> [Exercise objective]
Each line between the one holding "Used 2021 Cadillac" and the end of the material below, both included, is to be transcribed word for word, with pictures left out.

*** Data for processing ***

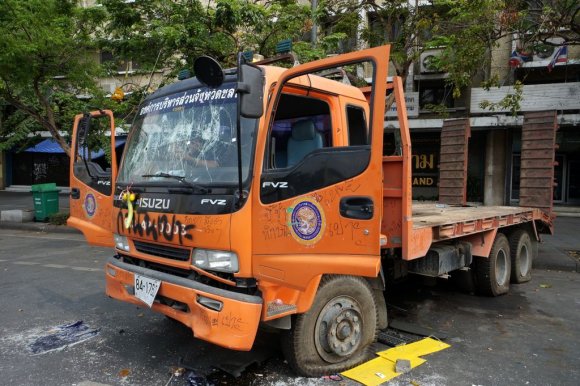 Demokrasi Meydanı etrafında Bangkok'u kapa, Tayland'ı yeniden başlat gösteri alanından önceki barikatlar.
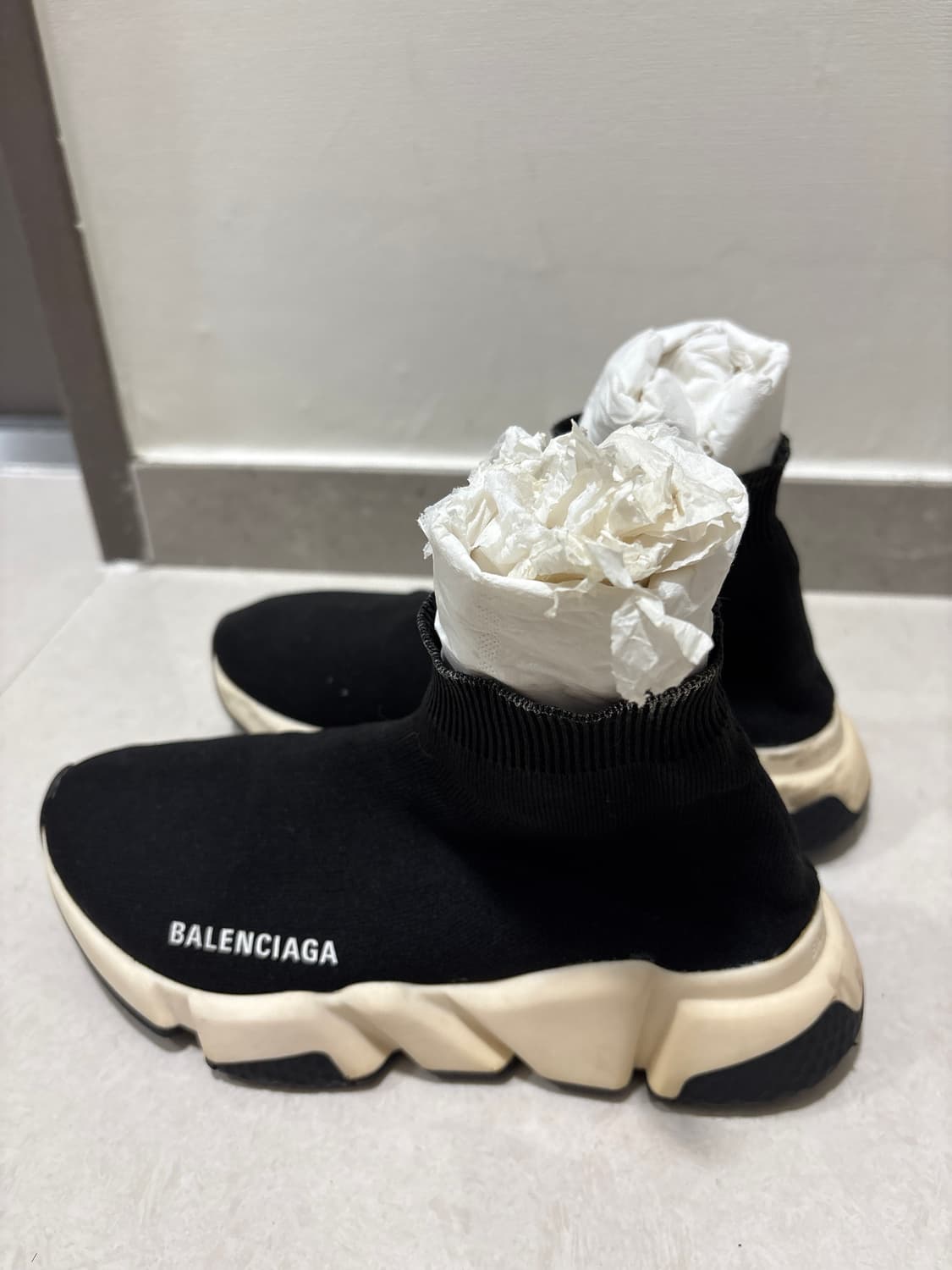 발렌시아가 스피드러너230 상품이미지2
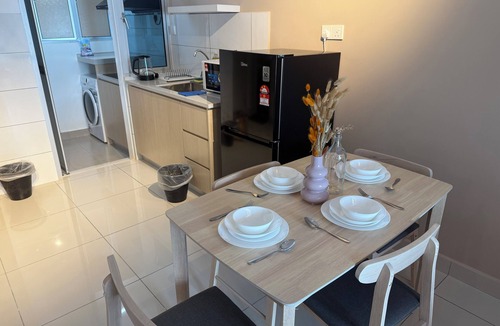 Kajang Apartment | Kajang Mirai Cozy 2BR Stay | Easy Access to KL & Bangi | Netflix + WIFI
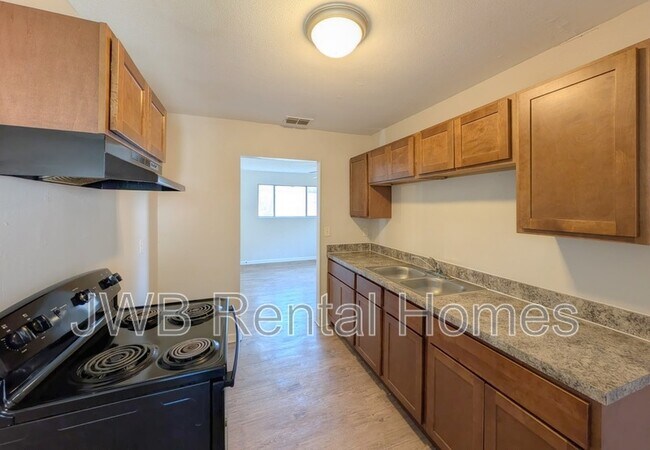 Photo - 6934 Miss Muffet Ln N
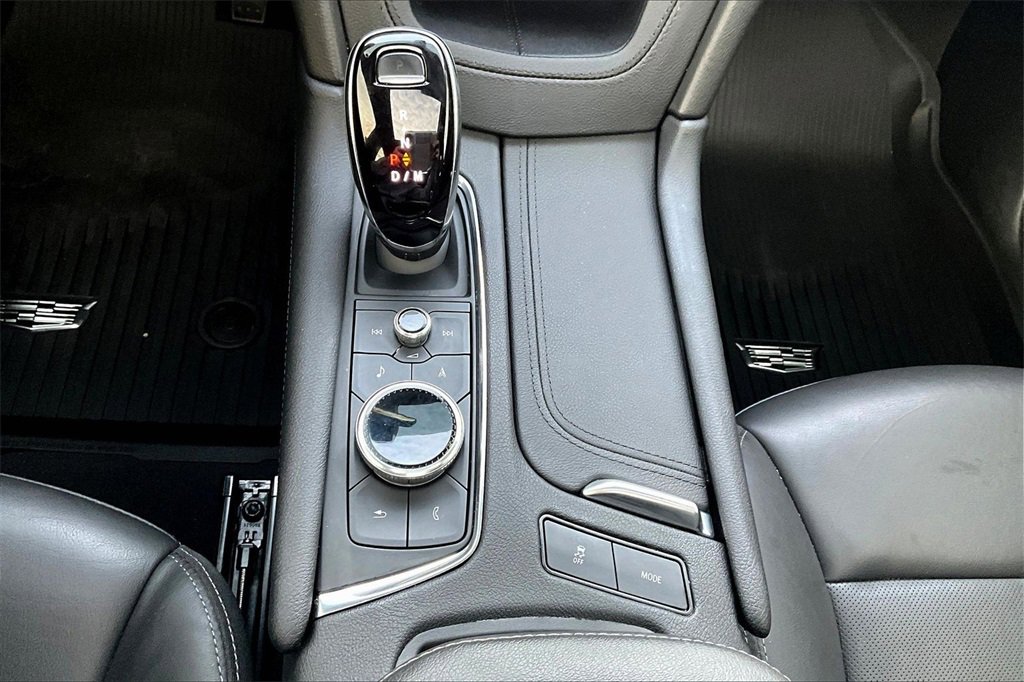 Used 2021 Cadillac XT5 Premium Luxury image 32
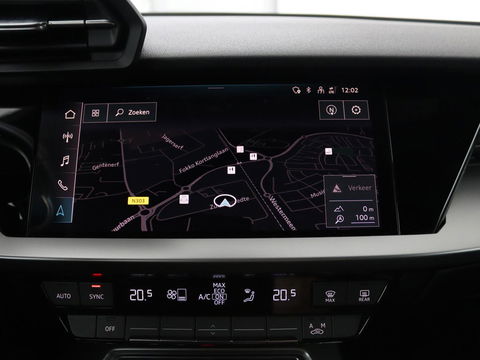 Audi A3 Limousine 30 TFSI Business edition Automaat | Trekhaak | Navigatie | Appel CarPlay | Cruise Control | DAB | LMV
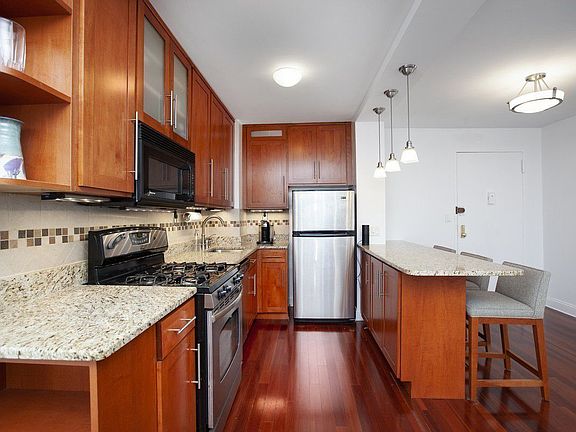 2nd image of 1634 1st Ave #7G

***

> [Task response]
 Used 2021 Cadillac XT5 Premium Luxury image 32
 Audi A3 Limousine 30 TFSI Business edition Automaat | Trekhaak | Navigatie | Appel CarPlay | Cruise Control | DAB | LMV
 2nd image of 1634 1st Ave #7G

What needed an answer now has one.